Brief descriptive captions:
+ + + +

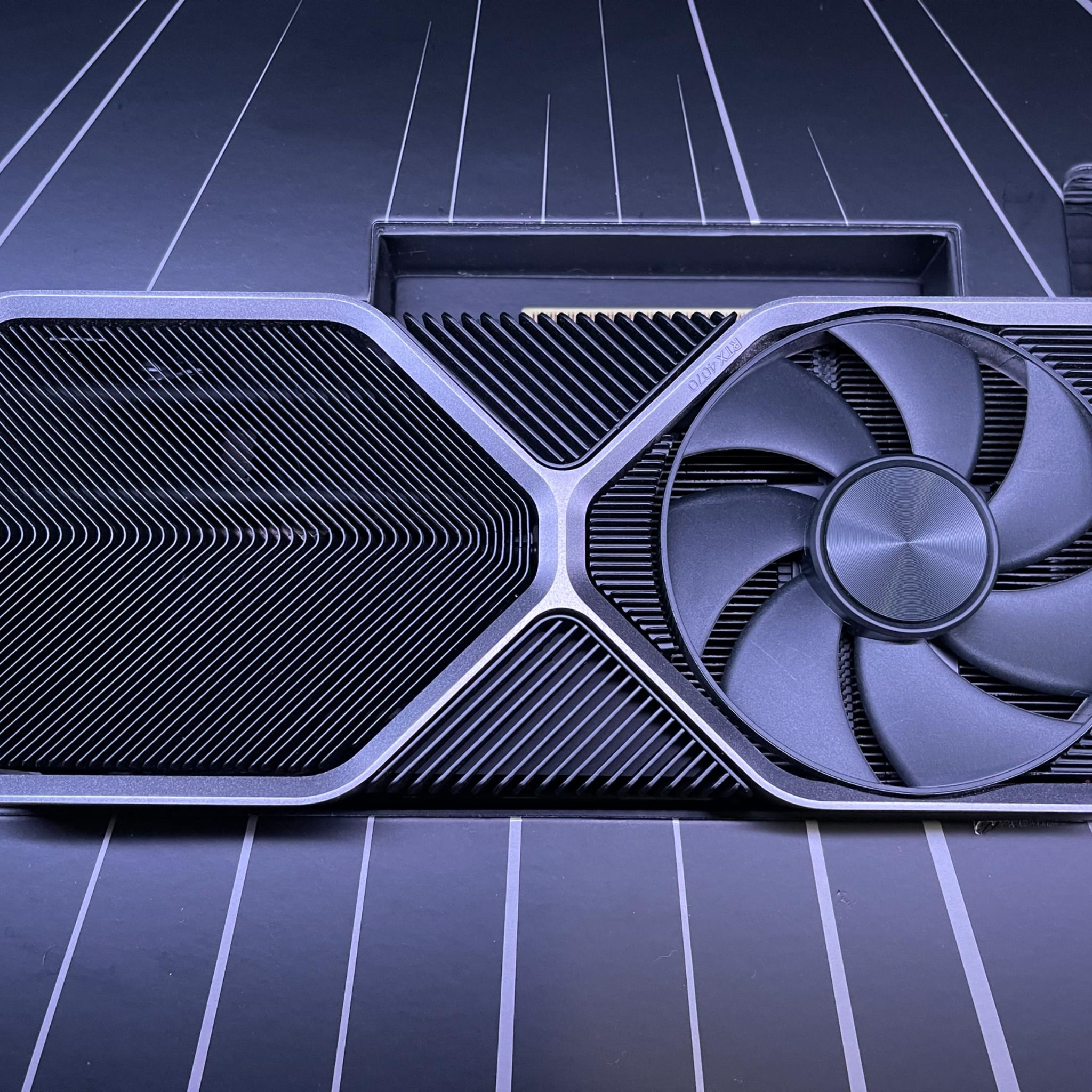 NVIDIA RTX 4070 FOUNDERS EDITION | PCIE ADAPTER CABLE NOT INCLUDED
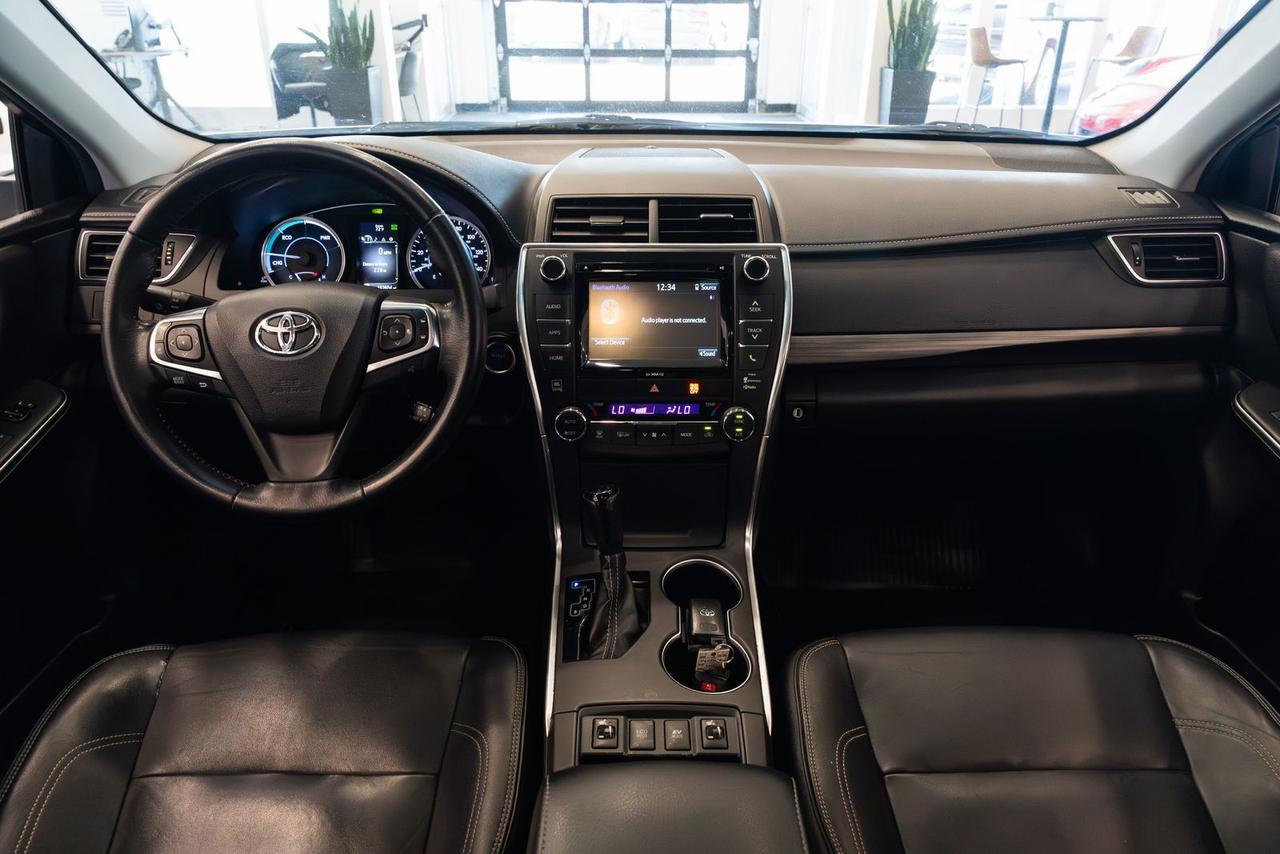 2017 Toyota Camry Hybrid XLE Gladstone OR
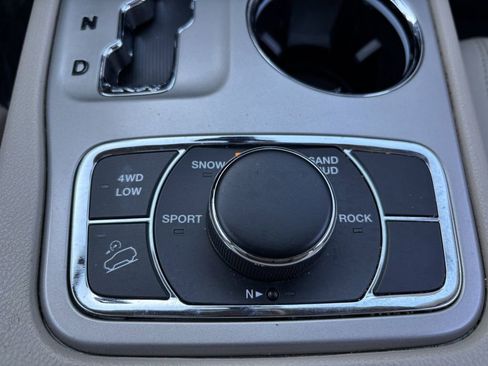 Used 2013 Jeep Grand Cherokee Limited w/ Luxury Group II image 28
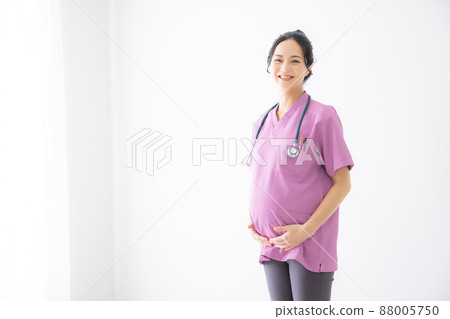 Nurse pregnant woman 88005750
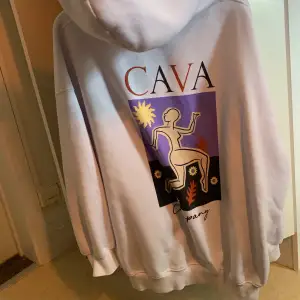 Så snygg overzised hoodie från cava company. Väldigt fint skick då den knappt är använd.  Stl: L Frakt: 89 kr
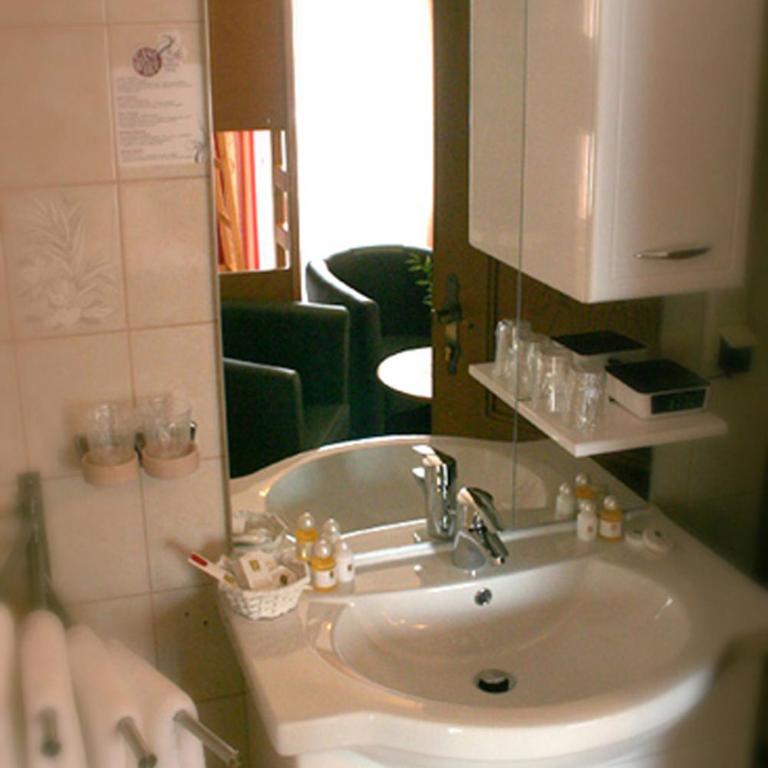 Pension Wolfgangsee - Mehrbettzimmer mit Balkon - 5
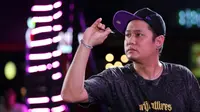 Pemain Darts, Tirta Suparjo saat berkompetisi dalam turnamen Darts National Competition series 2 yang berlangsung di Sedayu City, Jakarta, Minggu (28/04/2024). Tirta berhasil mempertahankan gelar juara setelah menang atas Haji Suwendi dengan skor 3-1. (Bola.com/Revi Muzaki)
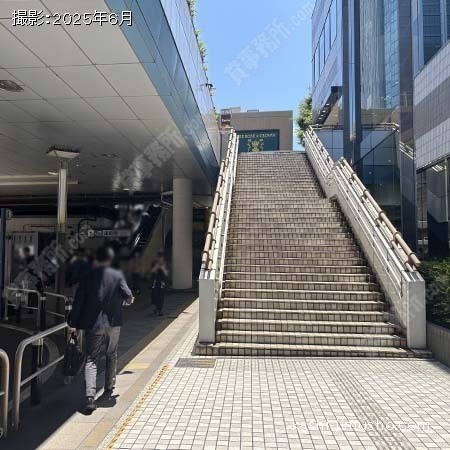 前面歩道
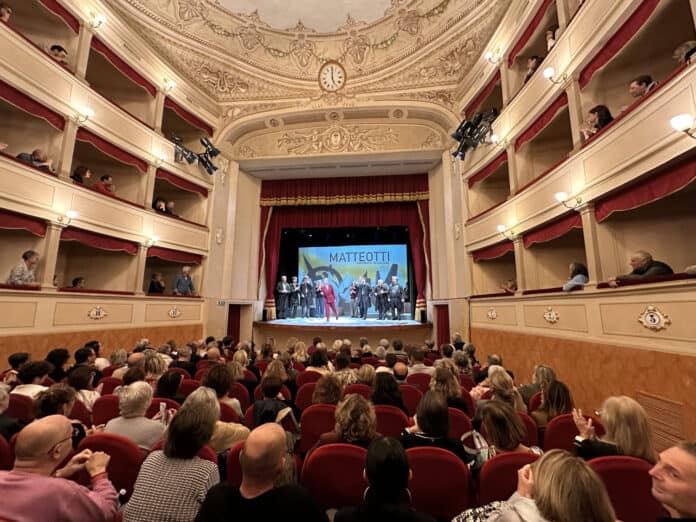 Chiusura di stagione al Teatro Verdi, 1800 spettatori entusiasti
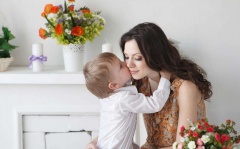 感恩母親節，一個月嫂育嬰師半個媽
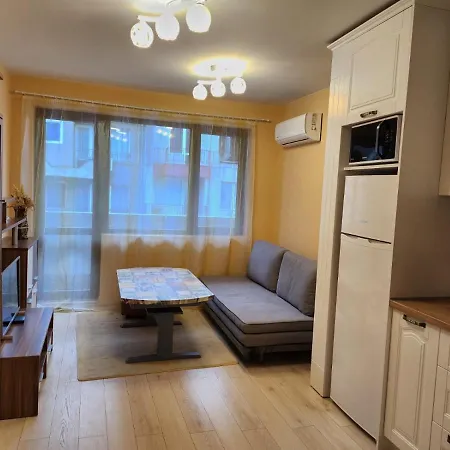 Apartamento Джиджи
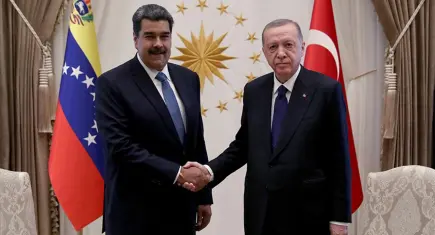 Cumhurbaşkanı Erdoğan, Venezuela Devlet Başkanı Maduro ile örüştü
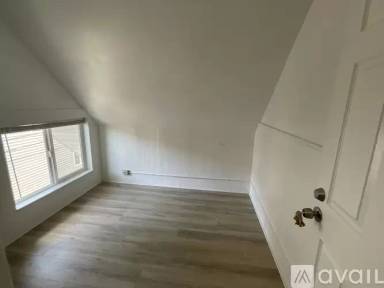 Main picture of 4547 19th Ave NE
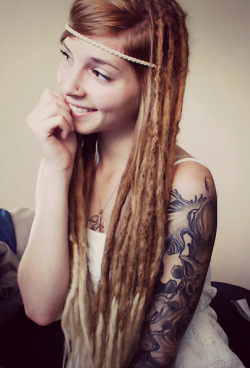 tattooedtrips:  fucking A this girl is gorgeous.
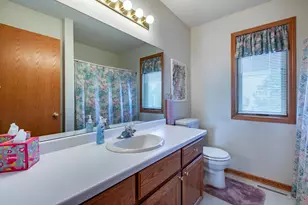 4422 Surrey Ln NW, Rochester, MN 55901 - Photo 28
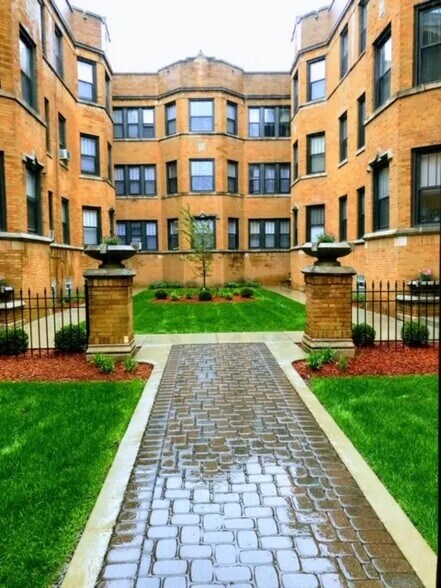 Building Photo - 5162 W Montrose Ave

+ + + +

Output the entries verbatim but drop the images.

REPLY TO THE TASK -
 NVIDIA RTX 4070 FOUNDERS EDITION | PCIE ADAPTER CABLE NOT INCLUDED
 2017 Toyota Camry Hybrid XLE Gladstone OR
 Used 2013 Jeep Grand Cherokee Limited w/ Luxury Group II image 28
 Nurse pregnant woman 88005750
 Så snygg overzised hoodie från cava company. Väldigt fint skick då den knappt är använd.  Stl: L Frakt: 89 kr
 Pension Wolfgangsee - Mehrbettzimmer mit Balkon - 5
 Pemain Darts, Tirta Suparjo saat berkompetisi dalam turnamen Darts National Competition series 2 yang berlangsung di Sedayu City, Jakarta, Minggu (28/04/2024). Tirta berhasil mempertahankan gelar juara setelah menang atas Haji Suwendi dengan skor 3-1. (Bola.com/Revi Muzaki)
 前面歩道
 Chiusura di stagione al Teatro Verdi, 1800 spettatori entusiasti
 感恩母親節，一個月嫂育嬰師半個媽
 Apartamento Джиджи
 Cumhurbaşkanı Erdoğan, Venezuela Devlet Başkanı Maduro ile örüştü
 Main picture of 4547 19th Ave NE
 tattooedtrips:  fucking A this girl is gorgeous.
 4422 Surrey Ln NW, Rochester, MN 55901 - Photo 28
 Building Photo - 5162 W Montrose Ave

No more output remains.